A good dog trainer will also love dogs more than they love money, so they will be happy to recommend good videos for you to buy that you can watch over and over with your kids.  So for the price of one or two formal training sessions, you can have a library to watch over and over after you have exhausted your budget on the trainer.  

With my first puppy, I did use treats for the first 2 months, then switched to clicker training and praise for his treats.  I wasn't consistent enough to keep up with the clicker, so I switched to a distinct and happy "Yes!" as my "clicker" noise to acknowledge the correct behavior.  By the time I adopted my second puppy when Kona was 10 months old, I didn't use any treats with her, and she is actually more obedient than Kona.  Hmmm.....I'm not sure how much of that is due to not using treats, and how much of that is because she is just scary smart.  Either way, training can be done without treats very effectively.  I will give them a treat for responding quickly to potty time at night when I need to get to bed or get out the door to a meeting.  I will pre-empt Maggie's wandering yard inspection routine by saying "Yes!  Good Girl!" "Good Potty!" and she amazingly will stop her running around and squat and run towards me because she equates those three commands with a treat.  I only do that when I'm in a hurry, though, so 75% of the time, they don't get a treat for potty time.  (Kona has never needed a potty treat.....I had him from day one, and he is very good at peeing as soon as I say "Go Hurry Up!"  It was a little harder to figure out a good set of words for an 11 month old stray rescue who was all street smart!  I learned in a few days that "Potty" was her word)
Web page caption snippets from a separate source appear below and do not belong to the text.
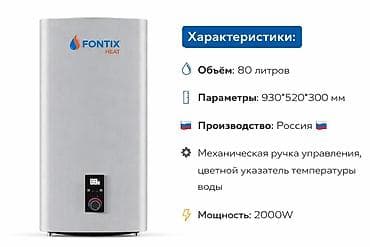 Техника для уборки: Накопительный водонагреватель Объем бака: 50 л, Электрический, Регулятор температуры — 1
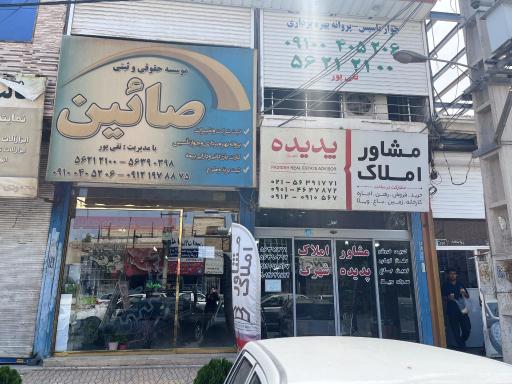 موسسه حقوقی و ثبتی صائین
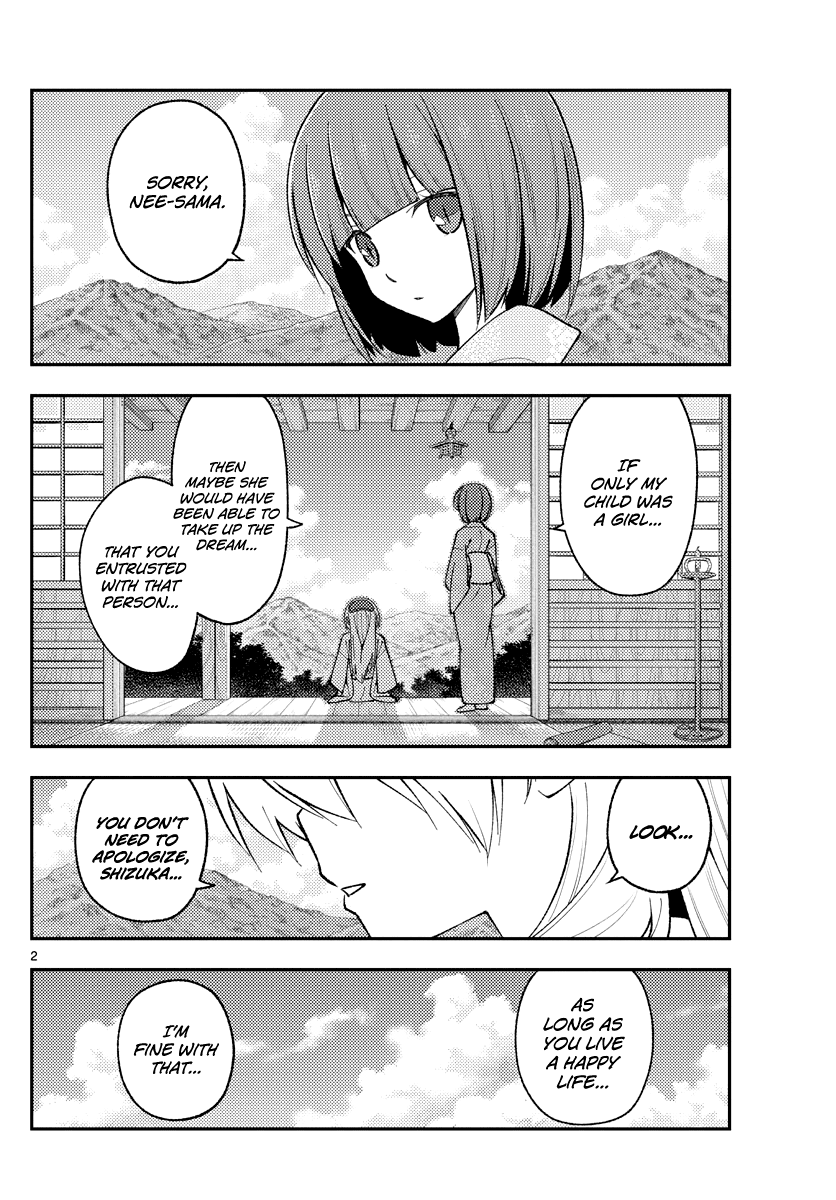 Tonikaku Cawaii Chapter 181 - Page 2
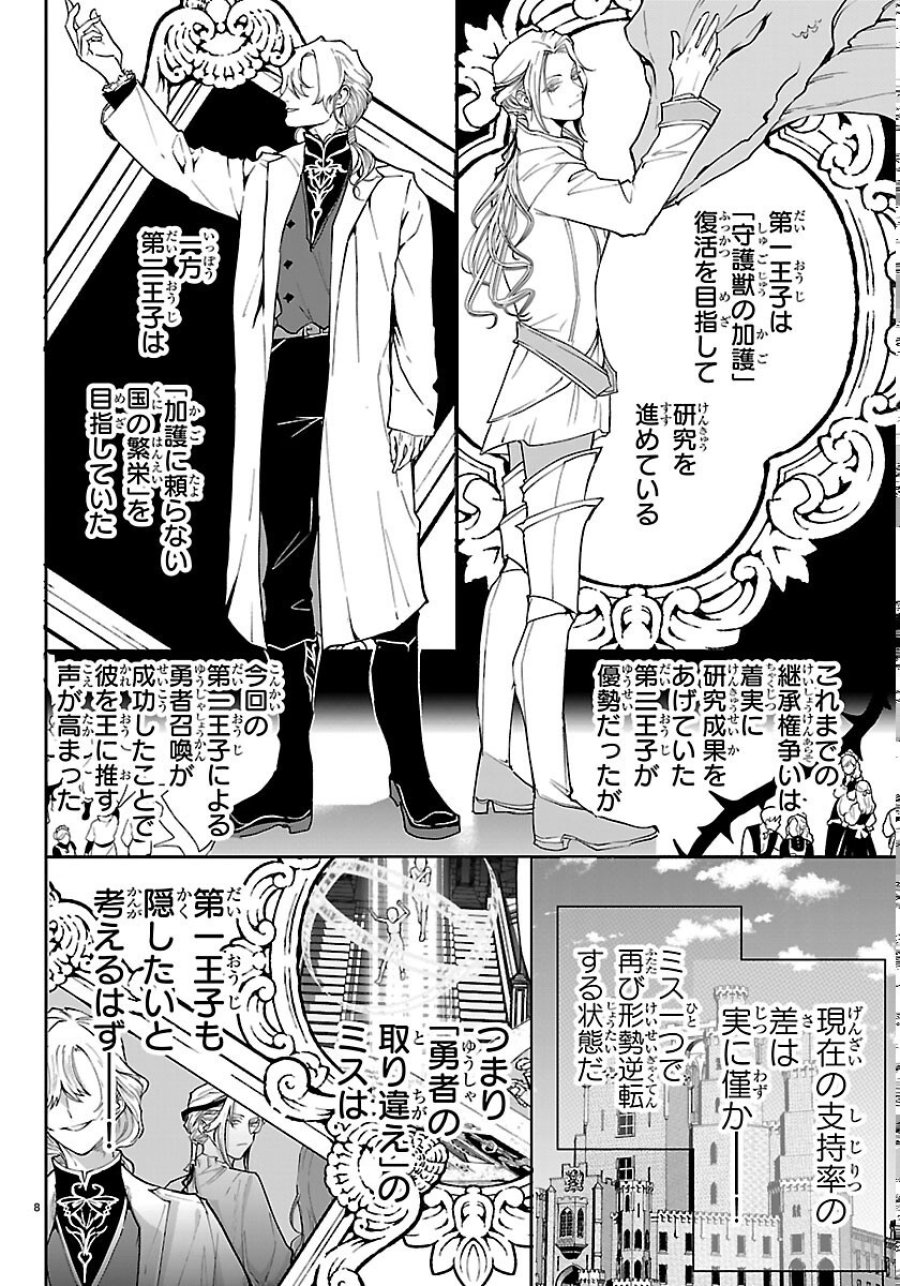 じゃない方の聖女と勇者～あれ、私たちって本当に『じゃない方』?～ 第6話 - Page 8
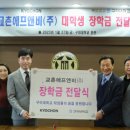 동아백화점앞 이미지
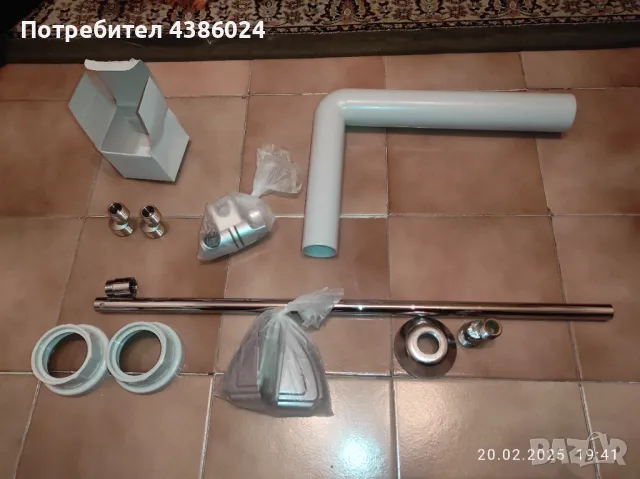 ГОЛЯМ ЛОТ В И К ПОСОБИЯ - ЕКСЦЕНТРИЦИ, ОКАЧАЛКА, РОЗЕТКА И ДР., снимка 10 - ВИК - 49213534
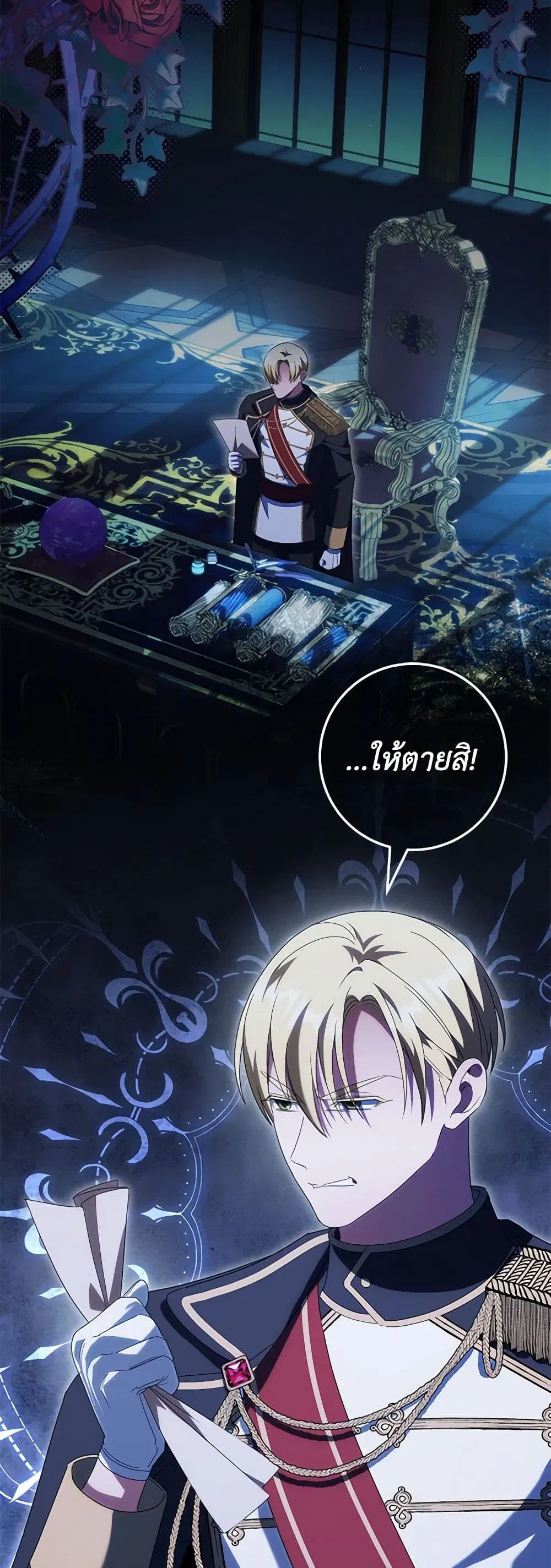 The Wicked Little Princess ตอนที่ 123 หน้า 15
Hi again  Deadheading my plants and thinking about you, very young puppy and teens.  More free tips that worked for me, some from one of the several trainers I have learned from.  Toys - lots of toys for the puppy, never sit down on the floor without two or three within easy reach.  For me that meant toys all over the floor for awhile.  If you need to be neater keep them in baskets in the main rooms.  Everyone should always have a toy available to substitute for their hand.  Puppies learn with their mouth and especially retrieving dogs, like labs and poodles.  Puppies will "bite" during play.  I put "bite" into quotations marks because they are not biting in the sense of meaning to hurt you, it's just how they play.  That's why you always need toys handy to pop in their mouth.
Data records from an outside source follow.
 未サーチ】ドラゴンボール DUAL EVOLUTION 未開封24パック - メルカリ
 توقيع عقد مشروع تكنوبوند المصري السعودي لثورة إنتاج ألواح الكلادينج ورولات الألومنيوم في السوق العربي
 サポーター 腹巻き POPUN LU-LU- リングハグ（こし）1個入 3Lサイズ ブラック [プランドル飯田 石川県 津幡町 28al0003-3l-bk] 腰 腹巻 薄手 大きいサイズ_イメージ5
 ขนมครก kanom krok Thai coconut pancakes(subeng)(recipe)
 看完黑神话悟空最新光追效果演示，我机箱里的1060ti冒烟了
Your boys will probably rough house with the puppy, mine did with every puppy and grown dog, still does and he's 37.  That's okay.  The sign for you to call a "cool down"  is when it has reached your tolerance - which will grow with experience, or when the puppy is frantically barking like he is frightened.  Your ear will tune in to different barks, noises as will your boy's if you listen carefully.  A cool down occurs with a toy in puppy's mouth, held by human to keep it there (not tug of war though), this is calming in itself and long slow petting from neck to tail or chest to waist of belly." "Enough" said firmly us the word I always used to stop play.  Puppy soon learned the meaning also.  If neither son nor puppy complies, then intervene with reminder of meaning and how to act ( to both).  If still no stoppage separate them.  Neither will like this or you, but it probably will get your point across.  Just remind everyone it is your job to prevent injury, hurt feelings, etc.  My kids use to mimic me "It's all fun until someone gets hurt and cries" , but all involved, canine and human, got the message.
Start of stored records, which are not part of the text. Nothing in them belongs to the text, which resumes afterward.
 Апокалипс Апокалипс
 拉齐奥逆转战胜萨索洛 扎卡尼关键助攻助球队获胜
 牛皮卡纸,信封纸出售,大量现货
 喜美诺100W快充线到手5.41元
I'll try to add more later

 

By the way....Ripley is flippin' adorable!  He looks a lot like Kona when he was just 5 to 8 weeks old before his curls started to come in.  His mom looks an awful lot like a slightly less red version of Kona's mom, so they have a lot of similarities.  

Aww thanks! High praise from parent of your adorable duo!!

I recommend reading The Dog Listener.  The tips in there are all about establishing yourself a the leader.  My breeder recommended it and it seems to have worked for us!